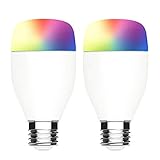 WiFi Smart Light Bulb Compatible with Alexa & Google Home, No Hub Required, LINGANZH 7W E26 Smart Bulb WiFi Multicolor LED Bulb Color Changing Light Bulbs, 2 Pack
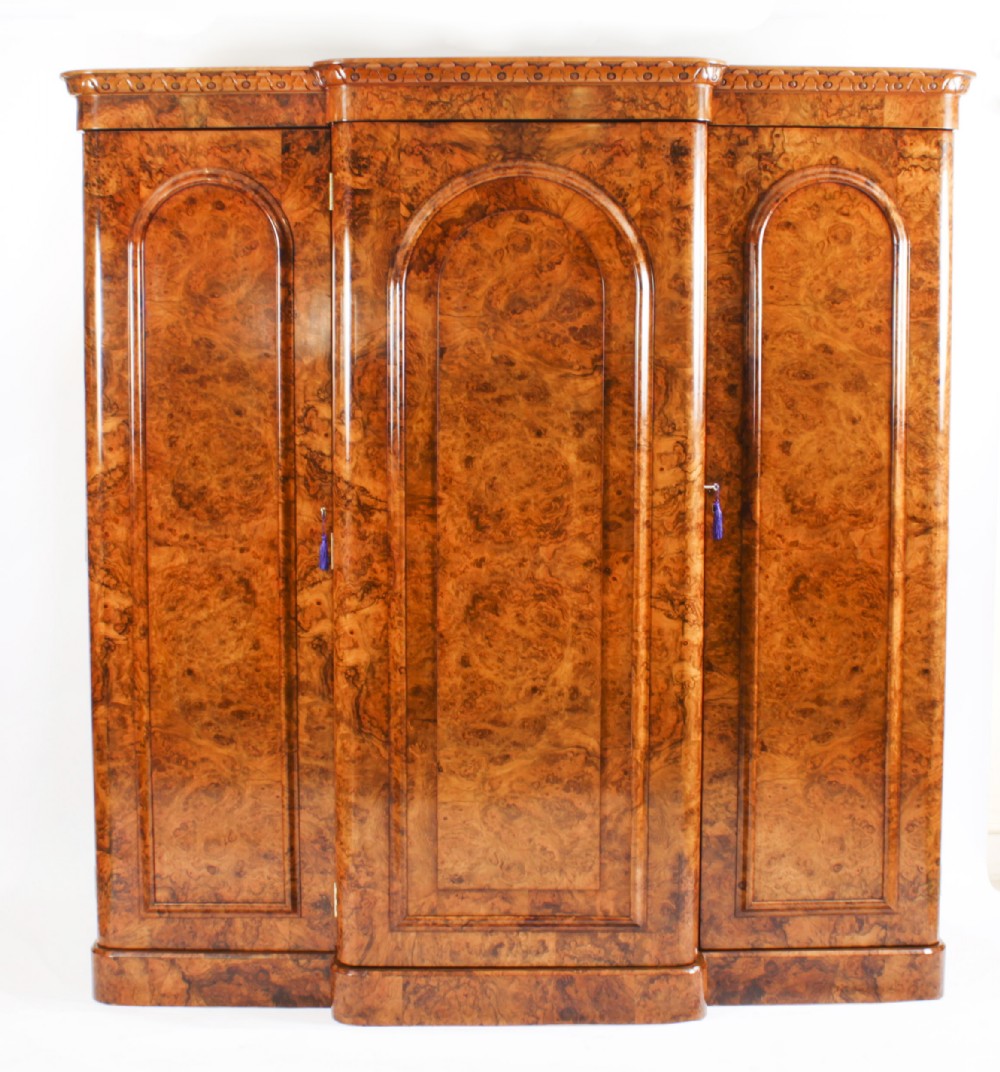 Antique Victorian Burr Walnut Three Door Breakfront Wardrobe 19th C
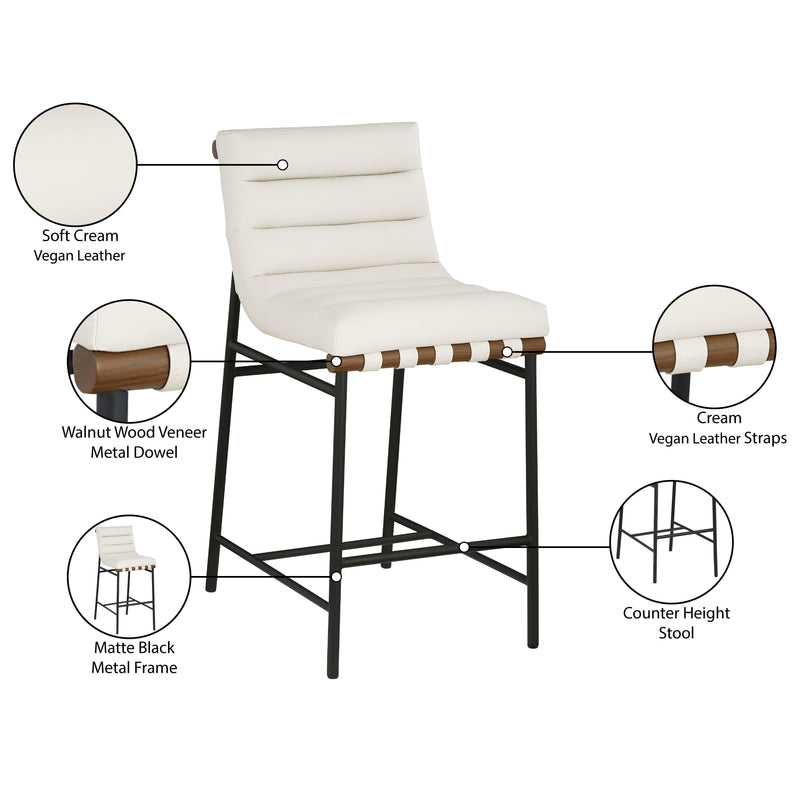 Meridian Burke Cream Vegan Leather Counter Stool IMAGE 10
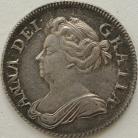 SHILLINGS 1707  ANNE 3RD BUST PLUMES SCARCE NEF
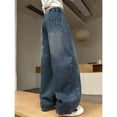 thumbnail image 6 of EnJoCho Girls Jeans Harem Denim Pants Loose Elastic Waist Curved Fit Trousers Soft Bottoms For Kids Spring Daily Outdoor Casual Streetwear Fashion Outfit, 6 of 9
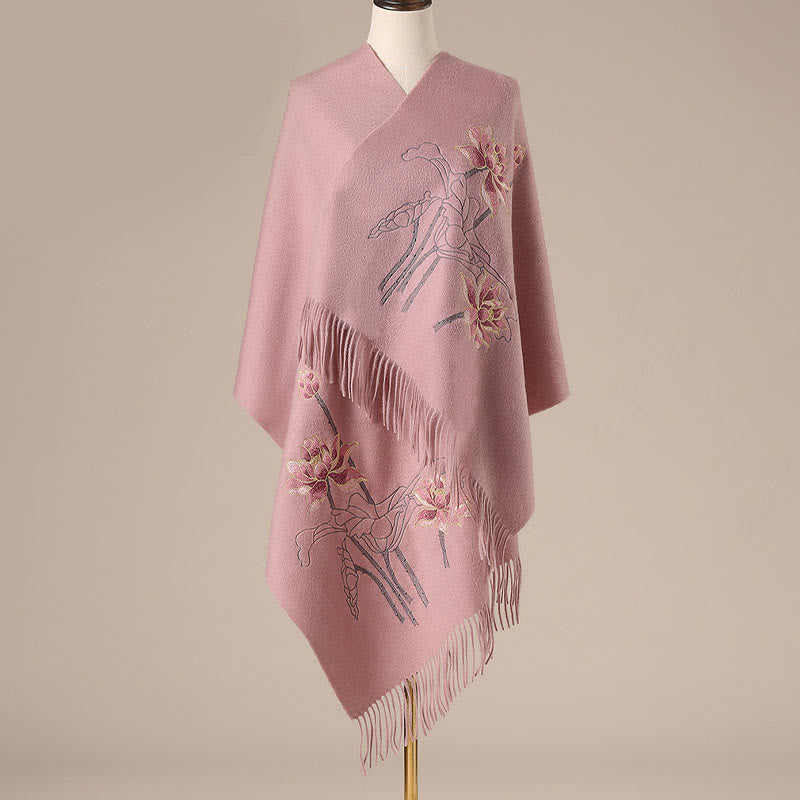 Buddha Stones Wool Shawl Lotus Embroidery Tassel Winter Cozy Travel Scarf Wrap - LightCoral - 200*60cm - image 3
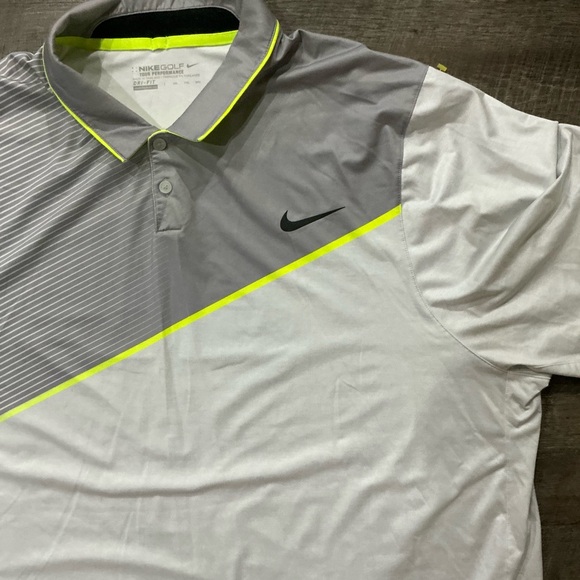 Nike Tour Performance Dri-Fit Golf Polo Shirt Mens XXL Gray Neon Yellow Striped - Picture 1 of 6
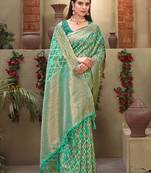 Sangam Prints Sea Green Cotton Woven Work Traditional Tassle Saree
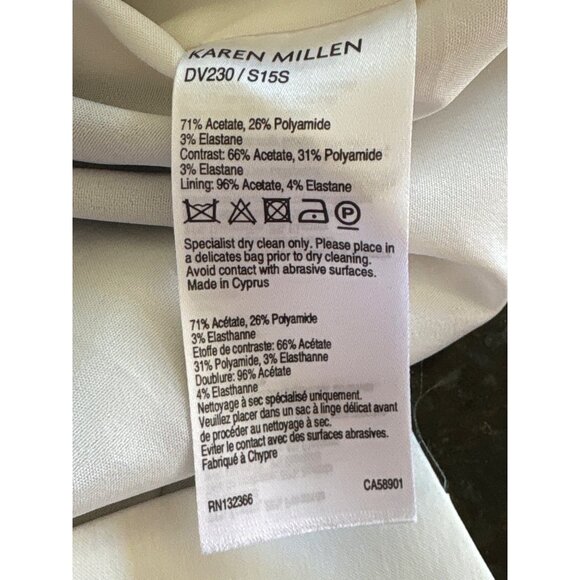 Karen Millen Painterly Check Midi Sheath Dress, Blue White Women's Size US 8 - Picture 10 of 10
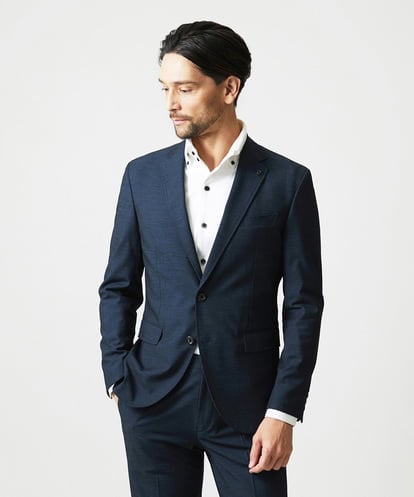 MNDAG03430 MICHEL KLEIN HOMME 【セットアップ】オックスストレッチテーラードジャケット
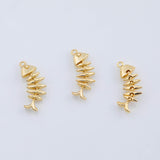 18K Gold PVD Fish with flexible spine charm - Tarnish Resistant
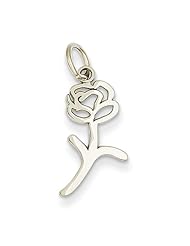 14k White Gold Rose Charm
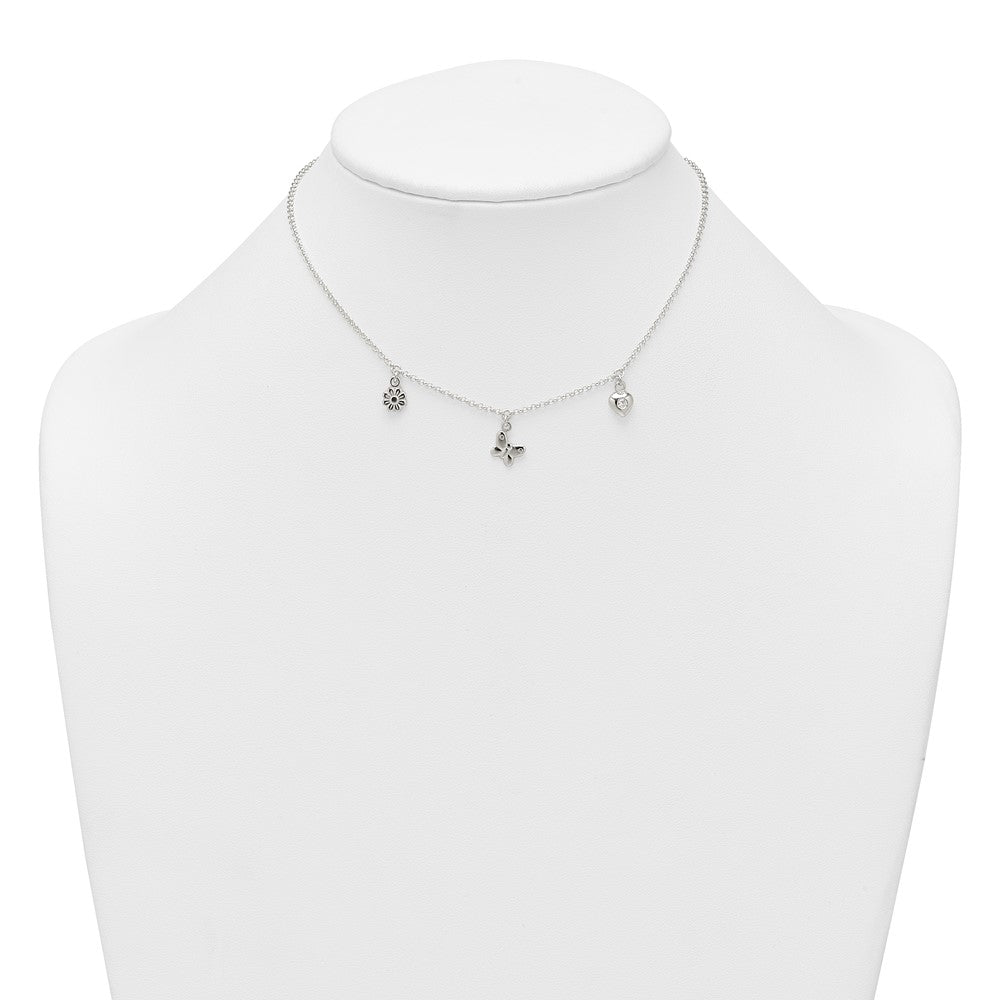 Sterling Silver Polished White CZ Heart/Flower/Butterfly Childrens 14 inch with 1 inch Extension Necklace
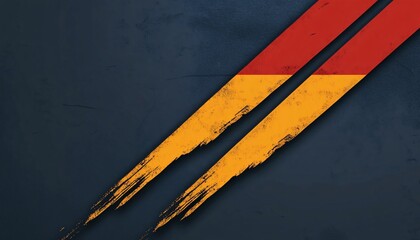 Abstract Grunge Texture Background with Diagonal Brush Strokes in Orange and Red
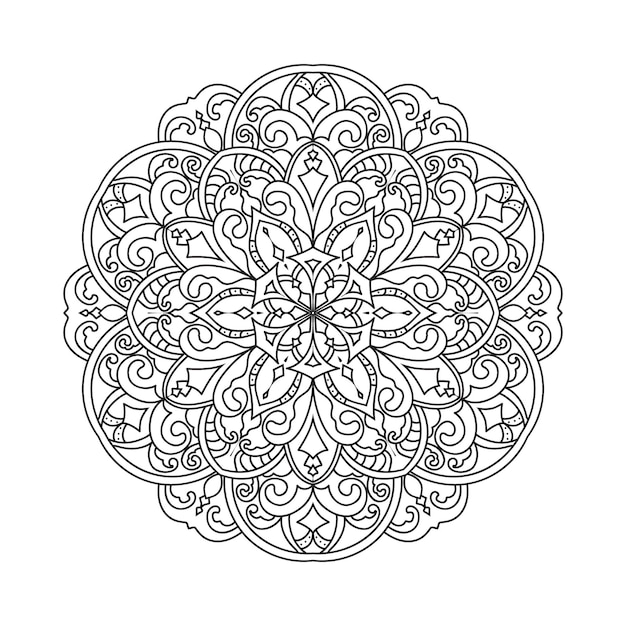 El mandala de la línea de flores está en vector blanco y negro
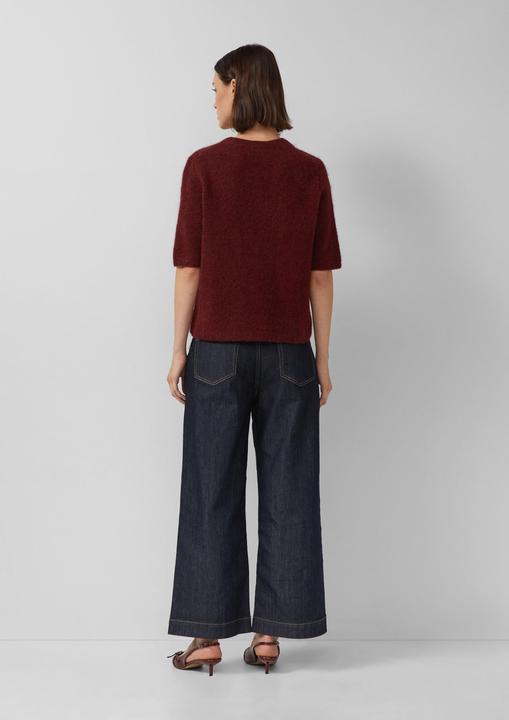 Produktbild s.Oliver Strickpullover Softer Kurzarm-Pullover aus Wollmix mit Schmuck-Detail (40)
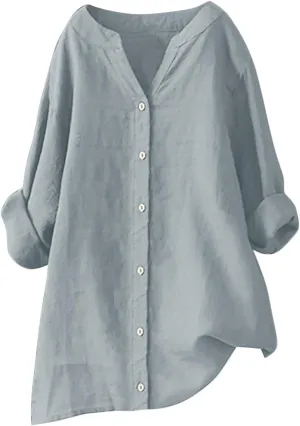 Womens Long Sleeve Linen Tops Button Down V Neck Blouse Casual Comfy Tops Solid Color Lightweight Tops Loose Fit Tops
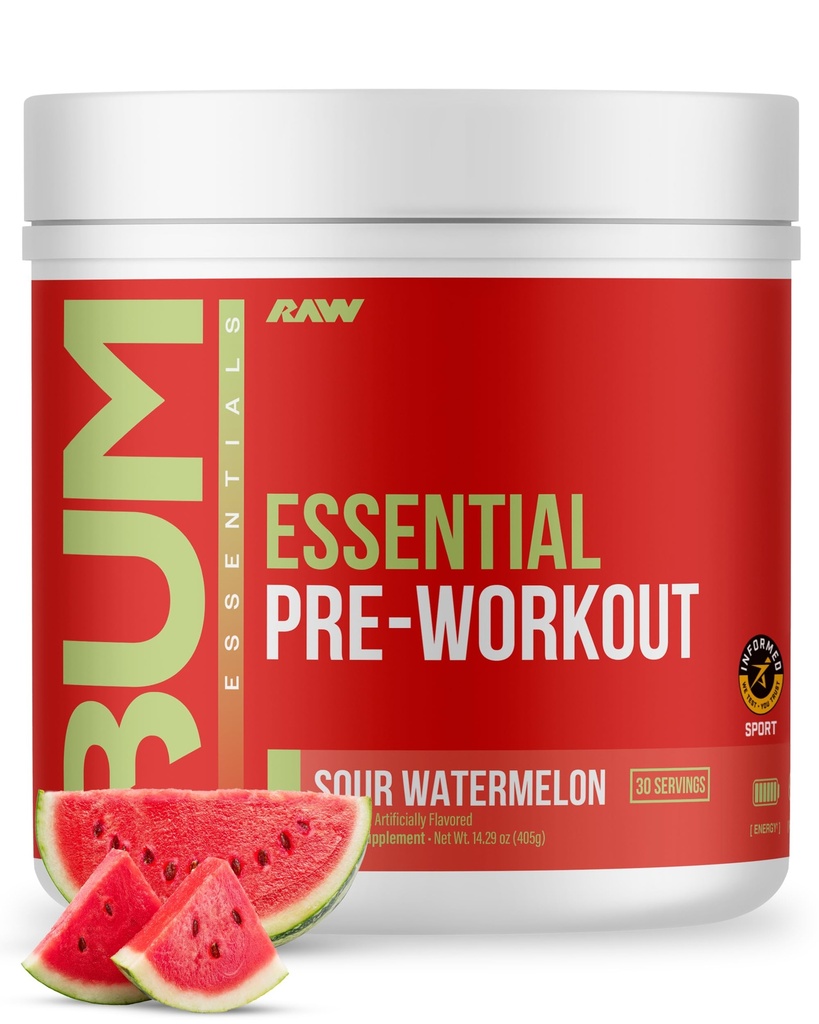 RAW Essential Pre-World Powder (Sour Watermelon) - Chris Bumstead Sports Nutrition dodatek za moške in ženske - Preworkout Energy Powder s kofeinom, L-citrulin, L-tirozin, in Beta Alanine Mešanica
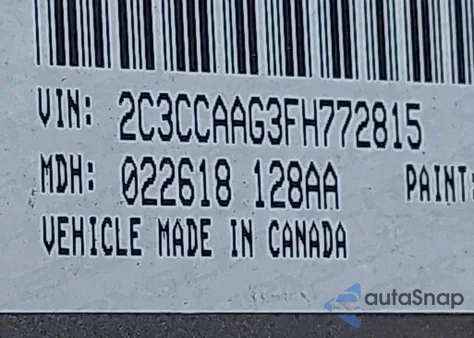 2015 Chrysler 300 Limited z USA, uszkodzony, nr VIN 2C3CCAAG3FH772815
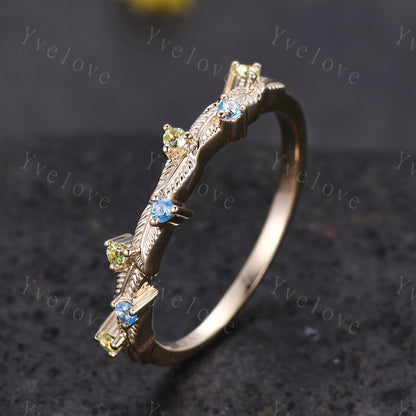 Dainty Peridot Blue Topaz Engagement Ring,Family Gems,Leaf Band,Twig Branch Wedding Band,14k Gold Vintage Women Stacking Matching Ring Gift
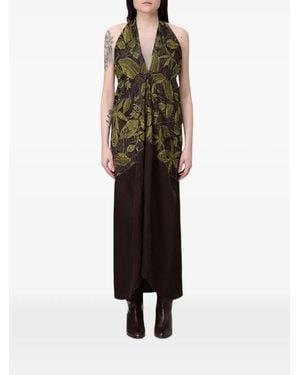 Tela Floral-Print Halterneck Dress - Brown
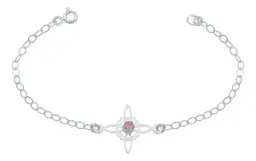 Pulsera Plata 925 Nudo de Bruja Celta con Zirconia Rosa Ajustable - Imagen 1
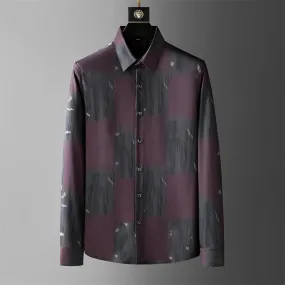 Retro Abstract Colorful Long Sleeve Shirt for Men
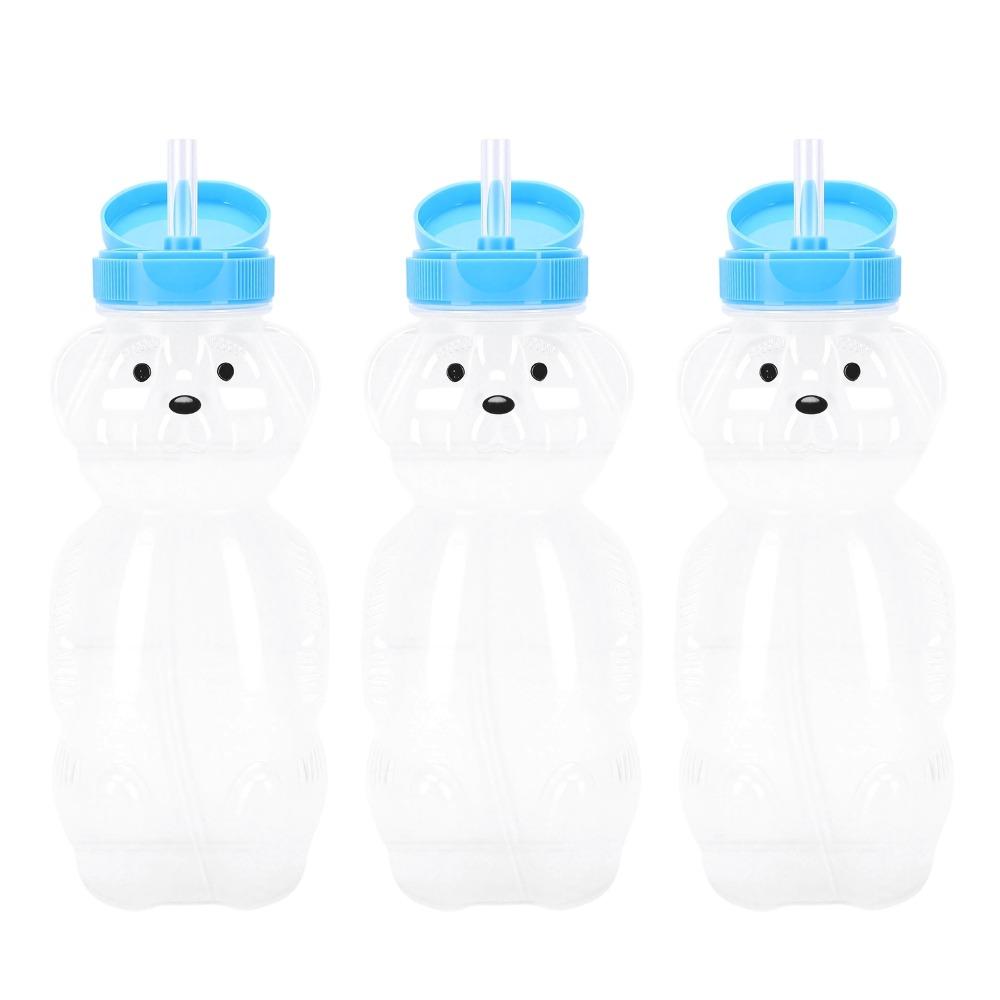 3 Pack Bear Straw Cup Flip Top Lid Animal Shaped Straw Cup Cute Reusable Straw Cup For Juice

________________

PROBLEM STATEMENT:
Although the records above contain pictures, the copy must not; set down exactly the lines from the one with "Nike Tour Performance" up to and including the one with "MNDAG03430 MICHEL KLEIN".

EXERCISE OUTPUT:
 Nike Tour Performance Dri-Fit Golf Polo Shirt Mens XXL Gray Neon Yellow Striped - Picture 1 of 6
 Sangam Prints Sea Green Cotton Woven Work Traditional Tassle Saree
 Karen Millen Painterly Check Midi Sheath Dress, Blue White Women's Size US 8 - Picture 10 of 10
 MNDAG03430 MICHEL KLEIN HOMME 【セットアップ】オックスストレッチテーラードジャケット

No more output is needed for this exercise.